A cura della Redazione

«Una delusione totale. Mi aspettavo che una persona che ammazza una donna, per di più l'ex moglie, dovesse marcire in galera: ci rendiamo conto di quanti femminicidi vengono commessi? E' questo il deterrente? Una vita non può valere vent'anni, ne vale almeno cento». A parlare è Assunta Mennella, sorella di Mariarca, la 38enne di Torre del Greco uccisa dall'ex marito nel luglio 2017 con diverse coltellate alla schiena nella casa in cui abitava con i due figli, a Musile di Piave, nel Veneziano.

Ieri è arrivata la sentenza di primo grado emessa dal giudice Massimo Vicinanza. L'accusa aveva chiesto l'ergastolo. L'imputato, Antonio Ascione, 44enne corallino, era reo confesso e si è avvalso del rito abbreviato. Così la pena, in realtà di 30 anni, è stata ridotta a 20 (previsto infatti un terzo di sconto).

«Una pena così leggera non sta al mondo - prosegue Assunta -. L'ergastolo dovevano dargli. Siamo tutti profondamente amareggiati, indignati e arrabbiati e aspettiamo a calmarci un po' prima di informare i miei nipoti, a cui il padre ha già rovinato la vita. Non capiamo come non abbiano potuto riconoscere la premeditazione: c'erano anche i messaggi sul telefono di mia nipote che provavano come l'assassino avesse minacciato di morte Mariarca con un coltello pochi giorni prima. Siamo molto deluse dalla giustizia italiana. Mia sorella non ha avuto giustizia».

Il giudice non ha riconosciuto due delle aggravanti contestate dal Sostituto Procuratore all'omicida: i futili motivi e, soprattutto, la premeditazione. Disposta invece una provvisionale per i familiari della vittima :50mila euro per i due figli minori di Mariarca, 30mila per la mamma e 20mila per ciascuno dei cinque fratelli.

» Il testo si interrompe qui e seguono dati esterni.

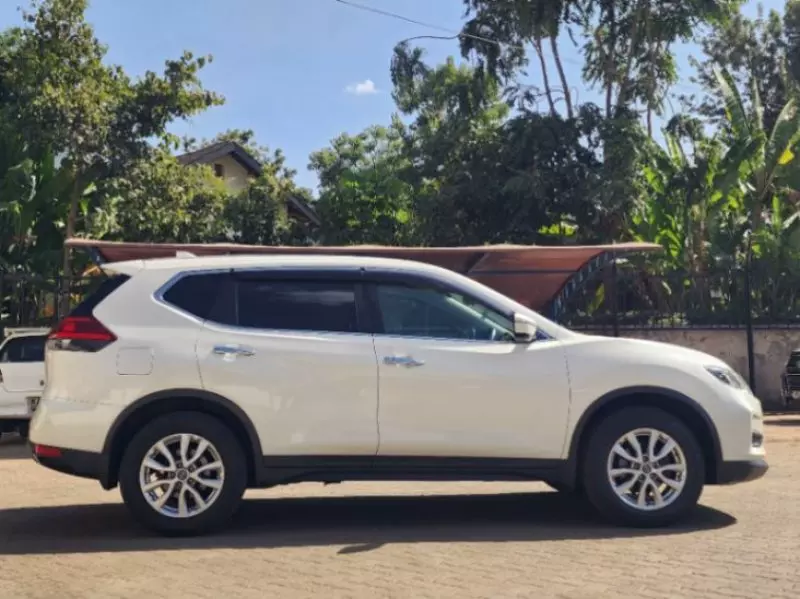 Nissan X-Trail   - 2018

Soddisfatto il difensore dell'assassino, l'avvocato Giorgio Pietramala, che peraltro ha annunciato un possibile ricorso in Appello. «Il giudice ha capito che si è trattato del raptus di un momento, ha compreso il dramma che ha vissuto anche quest'uomo, oltre a quello dei familiari della vittima, e ha escluso la premeditazione, come abbiamo sempre sostenuto, e anche l'aggravante dei futili motivi, la gelosia. Ascione alla lettura della sentenza era sollevato: rischiava l'ergastolo».

Amaro invece il commento dell'avvocato di parte civile, prof. Alberto Berardi, che assiste la famiglia Mennella in collaborazione con Studio 3A, società specializzata a livello nazionale nella valutazione delle responsabilità in ogni tipologia di sinistro, a tutela dei diritti dei cittadini. «E' una sentenza che lascia l'amaro in bocca soprattutto per l'aspetto fondamentale della premeditazione, a cui tenevamo particolarmente e per la quale abbiamo tanto lavorato e ci siamo battuti a fondo ha detto il legale -. Restiamo convinti che ci fossero tutti gli elementi per riconoscerla e che si è trattato di un gesto non estemporaneo ma meditato nel tempo. Era giusto soprattutto nei confronti della famiglia che fosse riconosciuto che non si è trattato di un delitto d'impeto. Tra novanta giorni, comunque, leggeremo le motivazioni e poi decideremo il da farsi. Sarebbero stati più giusti trent'anni, che poi sono quelli a cui l'omicida sarebbe stato condannato senza l'effetto premiale del rito abbreviato: la “pena giuridica” sono trent'anni. E invece, per un delitto peraltro odioso che ha distrutto una famiglia e ha lasciato senza genitori due figli minori, Ascione se ne esce con una pena assolutamente inadeguata. E' una delle storture del sistema».